A more laissezfaire approach has traditionally prevailed in much of Europe. For years, companies and their boards largely viewed the private lives of employees-and even bosses as largely off limits.

European authorities, too, have traditionally imposed tighter limits on employers' abilities to monitor and investigate staffers' relationships than in the U.S.

That's changing as more European companies adopt and enforce U.S.-style governance standards-sometimes with a vengeance. Last year, BP ordered all staff to disclose intimate relationships at work and mandated that senior leaders disclose any office romances over the previous three years. The impetus was the 2023 resignation of CEO Bernard Looney, who the company said was "not fully transparent" about his past relationships with colleagues.

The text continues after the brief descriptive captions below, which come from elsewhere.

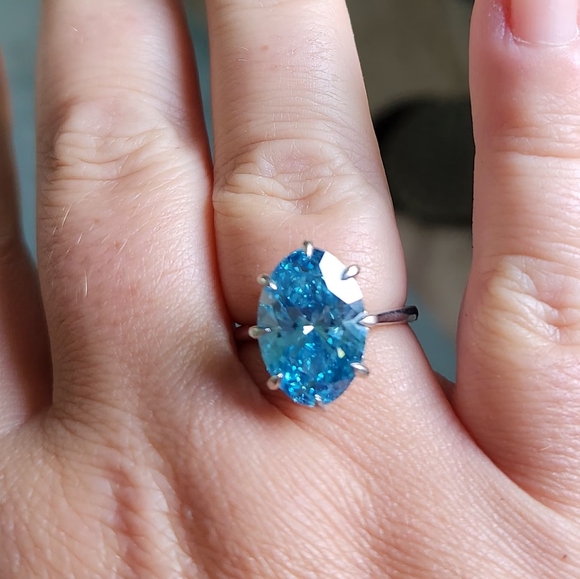 IGI FANCY VIVID BLUE DIAMOND 10KT GOLD RING! - Picture 3 of 6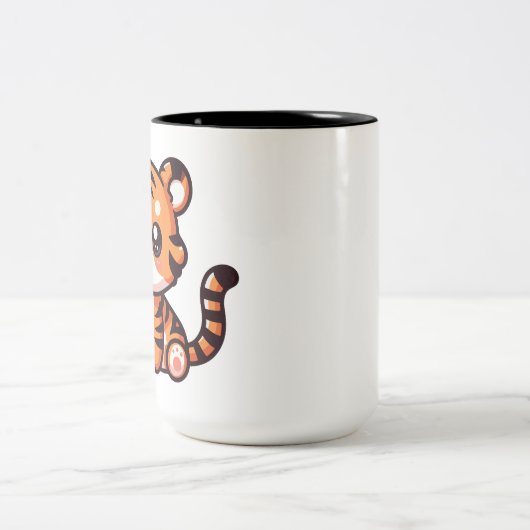 Schattigee baby zittende tijger cartoon tweekleurige koffiemok (Center)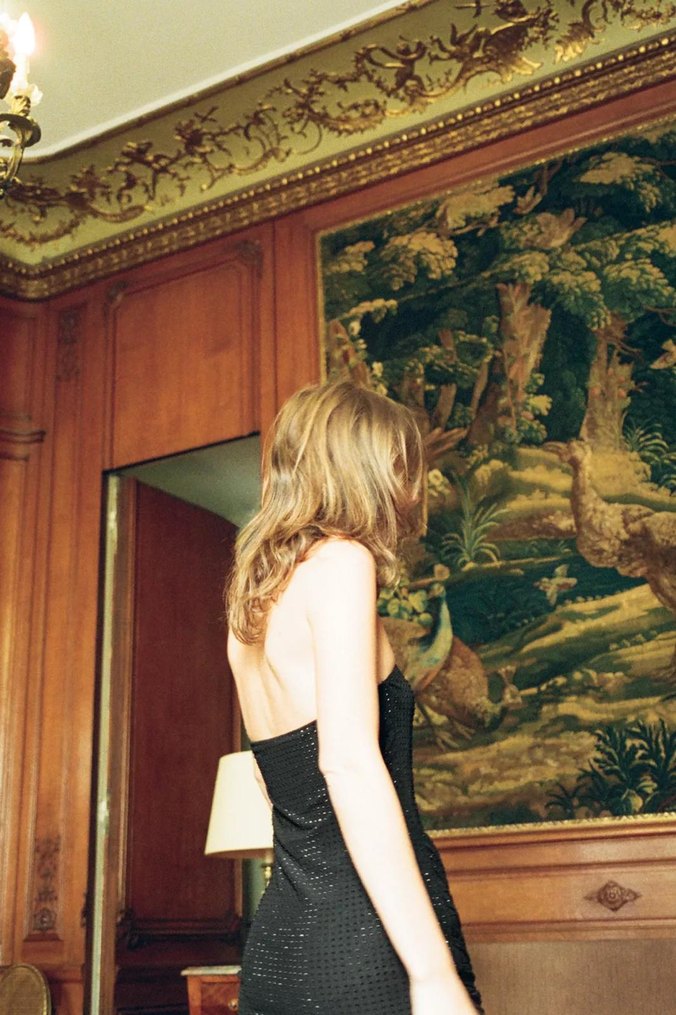 Siyah Drapeli Straplez Mini Elbise - Görsel 3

British broadcaster ITV also introduced a stricter policy on personal relationships at work after a 2023 incident in which a morning-show presenter admitted to a relationship with another staffer. This year, Filipe Silva, the CEO of Portuguese oil company Galp Energia, stepped down after av report by the news outlet Eco that the company's ethics committee had investigated an anonymous tip of a relationship between Silva and a senior manager.

Driving the shift, in part, is a push among investors and shareholder groups to globalize corporate standards in managing risks to a company's reputation or financial performance. A European Union directive established several years ago to better protect workers also requires that companies establish whistleblowing programs to receive reports of wrongdoing or questionable conduct.

The result, legal specialists say, has been a convergence of workplace standards across both sides of the Atlantic.